Random Numbers
This page describes the random-number generator in PYTHIA and
how it can be replaced by an external one.
Internal random numbers
The Rndm
class generates random numbers, using the
Marsaglia-Zaman-Tsang algorithm [Mar90].
Random numbers R
uniformly distributed in
0 < R < 1
are obtained with
Rndm::flat();
There are also methods to generate according to an exponential, to
x * exp(-x), to a Gaussian, or picked among a set of
possibilities, which make use of flat()
.
If the random number generator is not initialized before, it will be
so the first time it is asked to generate a random number, and then
with the default seed, 19780503. This means that, by default, all runs
will use identically the same random number sequence. This is
convenient for debugging purposes, but dangerous if you intend to
run several "identical" jobs to boost statistics. You can initialize,
or reinitialize, with your own choice of seed with a
Rndm::init(seed);
Here values 0 < seed < 900 000 000
gives so many
different random number sequences, while seed = 0
will call
the Stdlib time(0)
function to provide a "random"
seed
, and seed < 0
will revert back to
the default seed
.
The Pythia
class defines a
flag and a mode, that allows the seed
to be set in
the Pythia::init
call. That would be the standard way for a
user to pick the random number sequence in a run.
External random numbers
RndmEngine
is a base class for the external handling of
random-number generation. The user-written derived class is called
if a pointer to it has been handed in with the
pythia.rndmEnginePtr()
method.
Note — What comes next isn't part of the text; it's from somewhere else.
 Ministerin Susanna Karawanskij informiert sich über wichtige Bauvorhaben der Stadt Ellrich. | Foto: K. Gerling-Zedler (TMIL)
Since the default
Marsaglia-Zaman-Tsang algorithm is quite good, chances are that any
replacement would be a step down, but this may still be required by
consistency with other program elements in big experimental frameworks.
There is only one pure virtual method in RndmEngine
, to
generate one random number flat in the range between 0 and 1:
virtual double flat() = 0;
Note that methods for initialization are not provided in the base
class, in part since input parameters may be specific to the generator
used, in part since initialization can as well be taken care of
externally to the Pythia
code.
An example illustrating how to run with an external random number
generator is provided in main23.cc
.
The methods
We here collect a more complete and formal overview of the methods.
Rndm::Rndm()
construct a random number generator, but does not initialize it.
Rndm::Rndm(int seed)
construct a random number generator, and initialize it for the
given seed number.
bool Rndm::rndmEnginePtr( RndmEngine* rndmPtr)
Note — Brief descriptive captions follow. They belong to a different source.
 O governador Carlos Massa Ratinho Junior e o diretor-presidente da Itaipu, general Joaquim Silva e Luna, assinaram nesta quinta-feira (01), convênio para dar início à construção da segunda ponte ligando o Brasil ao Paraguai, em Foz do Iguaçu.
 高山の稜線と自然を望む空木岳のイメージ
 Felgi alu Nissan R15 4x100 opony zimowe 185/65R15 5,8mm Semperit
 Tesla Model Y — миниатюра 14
pass in pointer for external random number generation.
void Rndm::init(int seed = 0)
initialize, or reinitialize, the random number generator for the given
seed number. Not necessary if the seed was already set in the constructor.
double Rndm::flat()
generate next random number uniformly between 0 and 1.
double Rndm::exp()
generate random numbers according to exp(-x).
double Rndm::xexp()
generate random numbers according to x exp(-x).
double Rndm::gauss()
generate random numbers according to exp(-x^2/2).
pair<double, double> Rndm::gauss2()
generate a pair of random numbers according to
exp( -(x^2 + y^2) / 2). Is faster than two calls
to gauss()
.
int Rndm::pick(const vector<double>& prob)
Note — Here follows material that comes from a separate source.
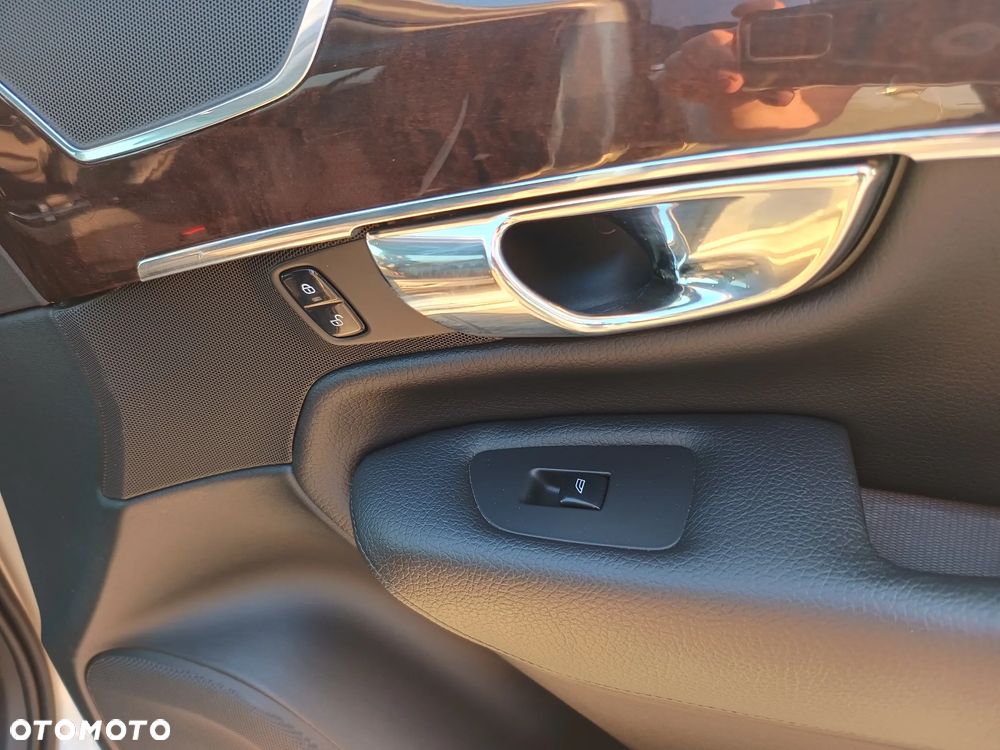 Volvo XC 90 T6 AWD Inscription 7os - 16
pick one option among vector of (positive) probabilities.
bool Rndm::dumpState(string fileName)
save the current state of the random number generator to a binary
file. This involves two integers and 100 double-precision numbers.
Intended for debug purposes. Note that binary files may be
platform-dependent and thus not transportable.
bool Rndm::readState(string fileName)
set the state of the random number generator by reading in a binary
file saved by the above command. Comments as above.
virtual double RndmEngine::flat()
if you want to construct an external random number generator
(or generator interface) then you must implement this method
in your class derived from the RndmEningen
base class,
to give a random number between 0 and 1.